In the year 1974, Susan Hendrickson was invited by a group of divers to participate in a marine archaeology project, involving a historic shipwreck off the coast of the Dominican Republic, which she gladly accepted. This opened yet another field in her chosen carrier as a professional diver. During her stay in the Dominican Republic she fell in love with the country and its people, and returned whenever she got the opportunity. She also pursued her passion for collecting conch pearls during her visits to the country.
It was during one such visit to the Dominican Republic that she decided to take a trip to the mountains of the republic which were famous for their amber mines. Amber is a fossil tree resin, a clear orange yellow substance that originated from resins, secreted by epithelial cells of resin ducts, in the tree trunks of coniferous trees of the class Gymnosperms like Pine (Pinus), Cypress (Cupressus), Junipers (Juniperus), Araucaria, cedar (Cedrus), firs (Abies), redwood (Sequoia), spruces (Picea) etc. Conifers have a fossil record extending back about 300 million years to the Paleozoic, in the late Carboniferous period. Most modern coniferous Genera are recognizable from fossils 60-120 million years old. The resin produced is sticky and gum-like and tiny insects can be trapped in this secretion, and get fossilized producing amber. As the resin hardens and becomes buried in the earths crust it can sometimes preserve the tiniest forms of pre-historic life. Thus amber can provide a fossilized record of previous life dating back to millions of years. Amber of good quality is considered as an organic gemstone, and used in the manufacture of ornamental objects and jewelry.
When Susan reached the amber mines in the mountains of the Dominican Republic, the miners showed her some golden lumps of amber mined by them, with embedded and well preserved insects inside them. Susan was fascinated by what she saw and began reading all literature she could lay her hands on about amber. When she returned to the Dominican Republic again she attempted to dig in search of amber herself, but soon realized that one could spend a whole year digging for amber and yet not recover a single specimen of amber. She then decided to buy amber specimens directly from the local miners, paying $10 to $35 for each specimen. After purchasing sufficient quantities of amber, she carried them to an entomologist friend in Gainesville, Florida, to study the embedded insects, and he was able to identify several new species of fossil insects, that were new to science. Her dealings in amber eventually made her a world-recognized expert on amber, and her assistance was sought in building up major collections of amber in museums such as the Smithsonian's National Museum of Natural History, the American Museum of Natural History of New York City, and the natural history museums of Karlsruhe and Stuttgart in Germany.
Susan Hendrickson also collaborated with the Swiss Paleontologist Kirby Siber in building a fossil museum outside Nasca in Peru. Siber and Hendrickson struck a friendship, and it was Siber who pursued Susan to hunt for larger fossils, and invited her for a whale fossil expedition in Peru in 1985. Their team worked six winters in the deserts of Peru, and uncovered several enormous whale fossils, as well as seals and dolphins.
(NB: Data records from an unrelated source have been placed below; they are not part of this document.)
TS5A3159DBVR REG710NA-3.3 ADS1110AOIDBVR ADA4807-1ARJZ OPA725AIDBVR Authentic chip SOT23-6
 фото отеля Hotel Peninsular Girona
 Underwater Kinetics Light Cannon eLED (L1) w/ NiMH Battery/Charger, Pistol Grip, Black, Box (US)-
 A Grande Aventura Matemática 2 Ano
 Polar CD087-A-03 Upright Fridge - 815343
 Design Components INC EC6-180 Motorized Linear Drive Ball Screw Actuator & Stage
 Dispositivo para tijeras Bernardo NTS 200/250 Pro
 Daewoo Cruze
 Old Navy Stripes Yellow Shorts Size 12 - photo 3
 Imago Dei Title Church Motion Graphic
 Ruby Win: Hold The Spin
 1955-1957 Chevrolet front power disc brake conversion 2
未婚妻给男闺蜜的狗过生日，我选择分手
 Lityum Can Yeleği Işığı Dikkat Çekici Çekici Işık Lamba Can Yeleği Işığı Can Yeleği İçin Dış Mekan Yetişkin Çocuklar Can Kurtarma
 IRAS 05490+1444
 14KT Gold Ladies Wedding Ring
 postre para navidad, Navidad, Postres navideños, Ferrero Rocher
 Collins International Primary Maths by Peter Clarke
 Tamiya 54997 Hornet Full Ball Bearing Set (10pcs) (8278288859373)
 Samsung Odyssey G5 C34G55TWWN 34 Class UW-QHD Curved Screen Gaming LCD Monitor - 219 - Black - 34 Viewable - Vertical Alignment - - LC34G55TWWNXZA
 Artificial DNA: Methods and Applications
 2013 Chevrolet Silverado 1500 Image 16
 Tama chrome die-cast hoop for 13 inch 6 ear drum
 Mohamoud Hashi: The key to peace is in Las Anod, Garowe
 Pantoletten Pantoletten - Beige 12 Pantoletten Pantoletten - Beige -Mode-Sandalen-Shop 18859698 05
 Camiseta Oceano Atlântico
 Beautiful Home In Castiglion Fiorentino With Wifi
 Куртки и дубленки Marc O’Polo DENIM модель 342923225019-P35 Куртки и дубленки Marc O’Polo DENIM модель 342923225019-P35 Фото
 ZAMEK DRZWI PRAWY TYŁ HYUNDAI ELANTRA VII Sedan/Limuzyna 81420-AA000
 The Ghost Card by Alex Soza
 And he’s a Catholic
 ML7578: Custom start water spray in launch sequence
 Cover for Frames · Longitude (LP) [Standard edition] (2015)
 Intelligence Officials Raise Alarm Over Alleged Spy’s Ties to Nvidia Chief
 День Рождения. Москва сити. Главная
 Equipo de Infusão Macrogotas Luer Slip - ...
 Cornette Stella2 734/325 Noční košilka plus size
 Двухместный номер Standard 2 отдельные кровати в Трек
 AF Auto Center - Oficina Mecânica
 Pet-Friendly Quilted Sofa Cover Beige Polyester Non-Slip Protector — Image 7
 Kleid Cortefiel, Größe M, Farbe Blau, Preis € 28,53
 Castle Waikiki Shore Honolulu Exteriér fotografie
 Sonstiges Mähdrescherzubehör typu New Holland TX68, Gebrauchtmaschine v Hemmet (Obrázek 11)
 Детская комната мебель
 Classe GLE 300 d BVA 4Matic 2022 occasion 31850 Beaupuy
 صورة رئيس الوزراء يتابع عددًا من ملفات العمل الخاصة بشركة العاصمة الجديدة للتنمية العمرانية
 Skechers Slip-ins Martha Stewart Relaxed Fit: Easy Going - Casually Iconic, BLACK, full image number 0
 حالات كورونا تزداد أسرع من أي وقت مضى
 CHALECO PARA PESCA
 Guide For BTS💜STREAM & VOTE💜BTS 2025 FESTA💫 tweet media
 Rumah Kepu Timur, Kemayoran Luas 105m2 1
While in Peru, Susan was introduced to the South Dakota fossil hunter Peter Larson with whom she established a partnership that eventually had a bearing on Paleontology for years to come. She worked with Larson for three summers in South Dakota, digging for fossils. But the summer of 1990 turned out to be the most memorable in her life, that led to the most sensational discovery in the history of Paleontology and propelled Susan Hendrickson to the status of an international celebrity.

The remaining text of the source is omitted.